Acting Assistant Professor, Epidemiology
School of Public Health
University of Washington
About the Webinar
The internet offers unprecedented access to geographically precise information, from governmental administrative records to consumer-facing products like Google Street View. Though typically free to access, these data are frequently not directly interpretable as measures of the key constructs of researcher interest. Using freely available secondary data in place of primary data collection can be efficient, but it shifts the skill set researchers need from field logistics to assembling and validating measures from secondary data.

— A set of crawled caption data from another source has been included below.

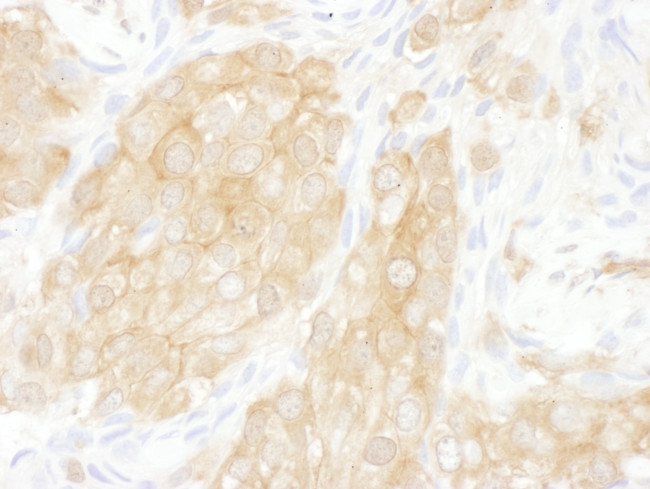 14-3-3 theta Antibody in Immunohistochemistry (Paraffin) (IHC (P))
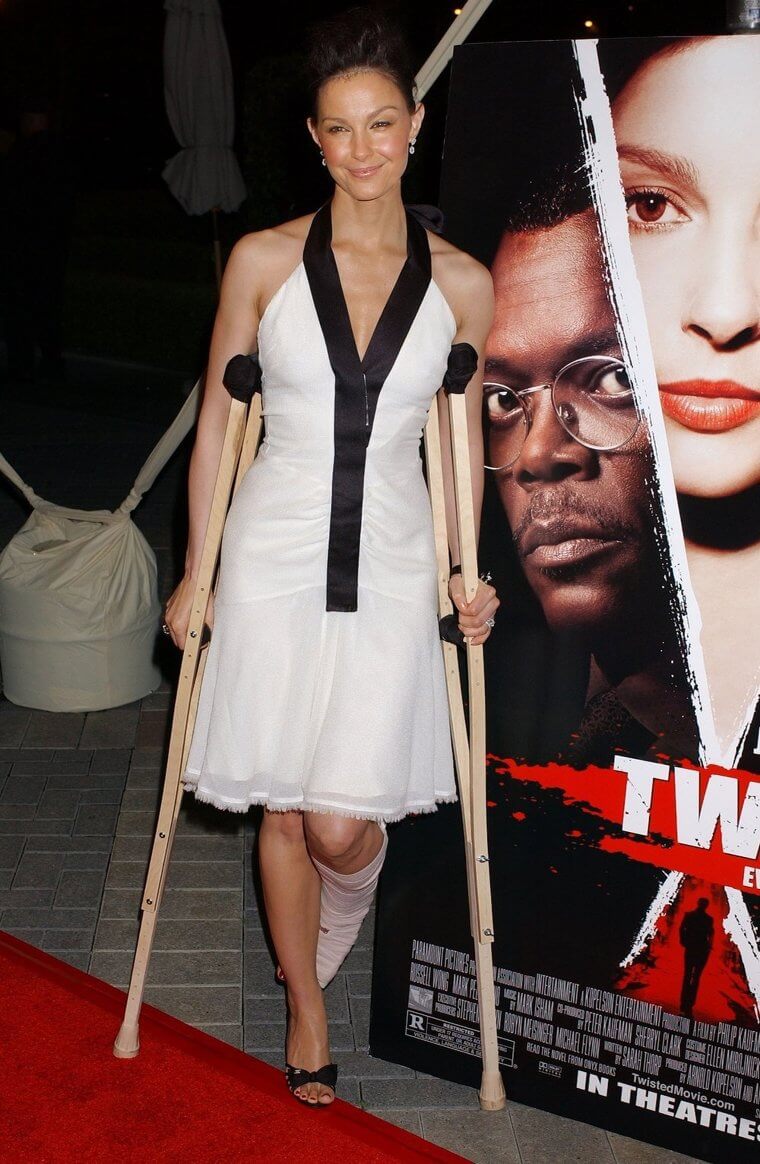 Her Congolese Companions Saved Her Leg
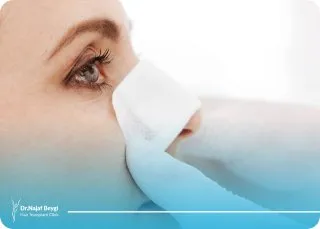 عمل بینی بعد از شکستگی برای از بین بردن فرم بد بینی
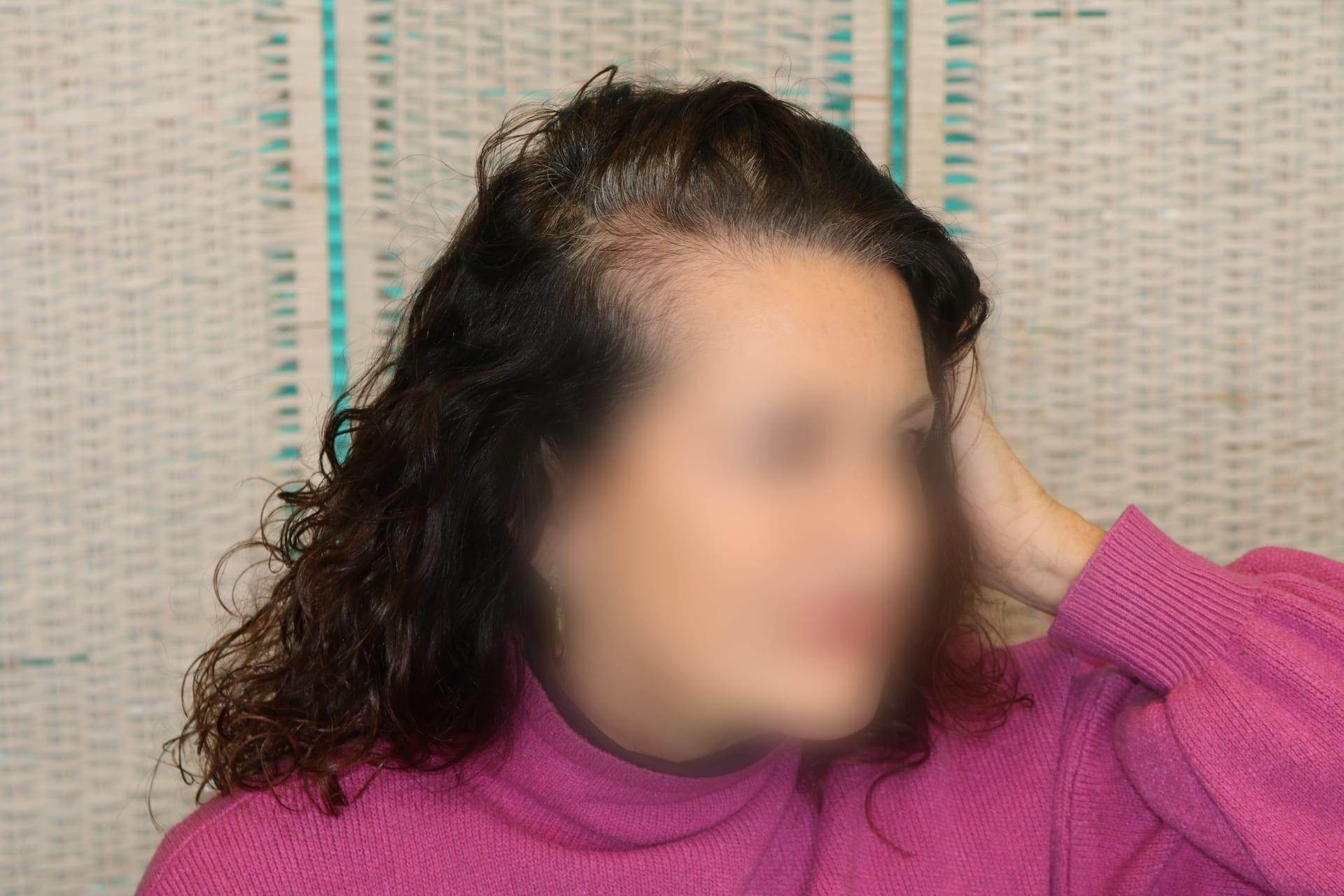 Prima: tricopigmentazione sezione donna a Firenze — Caso Prima / Dopo #6 (foto 6)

This presentation discusses approaches and useful tools for constructing measures of place from secondary data, including “ecometrics” (using psychometric techniques to build place-based scales), spatial interpolation, and assessing and correcting for sampling biases in crowdsourced data.
About Stephen J. Mooney
Stephen Mooney is Acting Assistant Professor in the Department of Epidemiology at the University of Washington in Seattle. He has a professional background as a computer programmer and recently obtained a Ph.D. in Epidemiology from Columbia University. His research focuses on how urban environments shape health, particularly through active transport and transport-related injury, and on developing methods to measure those urban environments accurately. His current research project is focused on building and validating the Automatic Context Measurement Tool, an environmental analog of the microarray, to gather a standardized set of environmental measures for any location in the United States.